On a separate note, I was speaking to one of my older, wiser political friends earlier this evening and he was pointing out something that I had not thought about:

One aspect of those Maasai/British agreements that is often overlooked has to do with the fact that when the beberus were negotiating with the Maasais, the rights of the so called “Dorobo” (who in some cases were not only more numerous but had greater claims to the land the Maasai called their own) were completely ignored by the colonialists who were drunk with the myth of the “noble savage” and deluded themselves that the tall “majestic looking” Maasai were the “natural” rulers and owners of the land. So this issue may be a tinderbox in more ways than one.

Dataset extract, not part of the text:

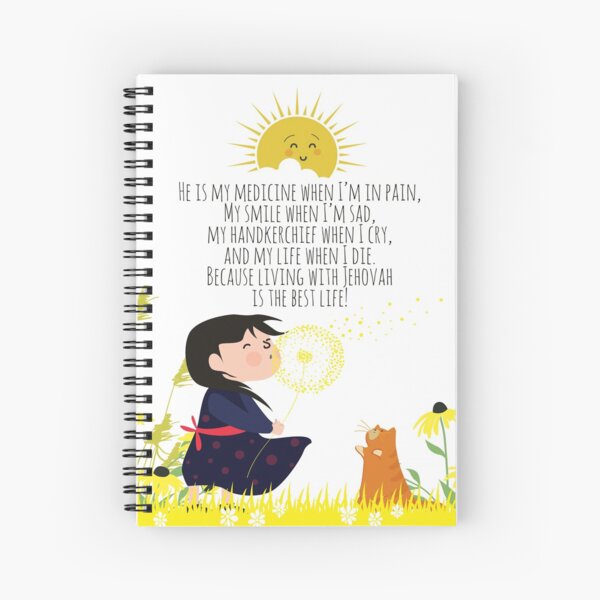 living with Jehovah is the best life! Spiral Notebook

5.0. Uneven Development and the Development of Under Development in Nyanza


What I have been endeavouring to say for the last thirteen pages is that poverty in any part of Kenya cannot be blamed on the victims of poverty; nor is it a simplistic ethnic vendetta by one tribe against another.
_Rather poverty and marginalization in Kenya is a manifestation of the survival of the political economy of neocolonialism in our country. We know the flipside of poverty is the opulence of the horticultural billionaires, the sugar importing tycoons and the mitumba monopolists.

Money is being made in Kenya on a daily basis, hand over fist, even as yet another child goes hungry.

We mentioned that during the seventies Omamo Ka Liech literally became the elephant of his nickname from slurping at the trough.

Today in the same Nyanza there is emerge a coterie of very wealthy individuals of whom Tuju, Raila, the Ominos (not sure about the Amayos, Otienos, Okundis and Oyugis) are but a sample who are quietly accumulating their wealth. Whichever side of the NARC wrangle they are on, they NEED THE NEO-COLONIAL state to make their next couple of dozen millions.

And that means that they will DIRECTLY contribute to the further IMPOVERISHEMENT of Nyanza whether they intend to or not.’

Some people may find this startling given Raphael Tujus’s track record as one of the most generous and self-effacing benefactors in the 9th Parliament and Raila’s very public involvement with the Molasses plant.

But more of that in a second.

My point is a very basic one.

The Kenyan neo-colonial state is a coercive vehicle(if in doubt ask any Maasai moran tomorrow)that is geared towards ANCHORING Kenya and Kenyans directly into the vortex of the world monopoly capitalist economy.

That directly means that there will be “development“ in Kenya alright- but just the DEVELOPMENT OF UNDERDEVELOPMENT.

In fact the more the Tujus contribute to “constituency development projects” the closer we can track the rate at which they are amassing personal fortunes via the agency of the state.

6.0. The Molasses Plant as a Political Community Symbol

Whatever else it is, the Molasses plant in Kisumu is NOT a scandal on the scale of Goldenberg.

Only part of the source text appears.